Most of the students receive glasses, but those who don't need them just yet do not.
The district has been a part of the program for five years. This year, 28 students have been serviced by Lenscrafters so far, Superits said.
“There are comments all throughout the year from teachers about how good the students are doing (because of their glasses)," Superits said.
Lenscrafters doesn’t just help the 30 students chosen for the one-day program. Other district students were sent to Lenscrafters before Wednesday to get glasses before ISAT testing, and more can be sent there throughout the year, as well.
“It’s such a benefit to the children,” she said. “Due to income and with the economy we have, a lot of people are losing insurance and don’t have money to pay for glasses. They’re unable to get them.”
After the students receive their glasses, they can return to Lenscrafters if their glasses are broken, lost or if their prescriptions change. Those services continue as they get older: there is no age limit for the program, which is also open to anyone deemed eligible to participate.
Brandon Amoah, a second-grader at Edgewood, and Elizabeth Campbell, a third-grader at William F. Murphy Elementary School, were two of the students who went to the Lenscrafters in the Bolingbrook Promenade Wednesday to receive their glasses.
“I always sit very close in the classroom, but I couldn’t see the board without glasses,” Amoah said. “It was fuzzy and I couldn’t see.”
They said they were nervous at first about picking out their glasses.
“I hadn’t had glasses before,” Amoah said. “I didn’t know how they would feel.”
Some of their peers had made fun of them for it.
“I feel bad for them for teasing us because they might need glasses in the future,” Campbell said.
But that nervousness soon turned into excitement.

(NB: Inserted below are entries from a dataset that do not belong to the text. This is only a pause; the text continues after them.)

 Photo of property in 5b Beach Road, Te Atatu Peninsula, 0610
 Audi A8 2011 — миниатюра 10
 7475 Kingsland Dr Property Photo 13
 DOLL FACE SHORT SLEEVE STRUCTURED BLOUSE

“I like my glasses so much,” Campbell said. “They’re magnificent.”
Kim Superits, administrative assistant at District 68, said Lenscrafters provided snacks, pizza for lunch a movie for the students to watch while they waited for their eye exams.
“One child said it was the best day he’d ever had in school,” Superits said.
Superits said going in a group to get glasses prevented the kids from feeling nervous or self-conscious.
“The kids who were told they didn’t need glasses this time were really disappointed,” she said. “Especially coming with their peers from the same school, it’s a tremendous booster.”
Beverly Lezondra-Wheatley, managing optometrist at the Lenscrafters at the Bolingbrook Promenade, said participating in the program is very rewarding.
“They’re barely able to see, and then they’re able to give you that smile,” she said. “They’re able to see the world differently now.”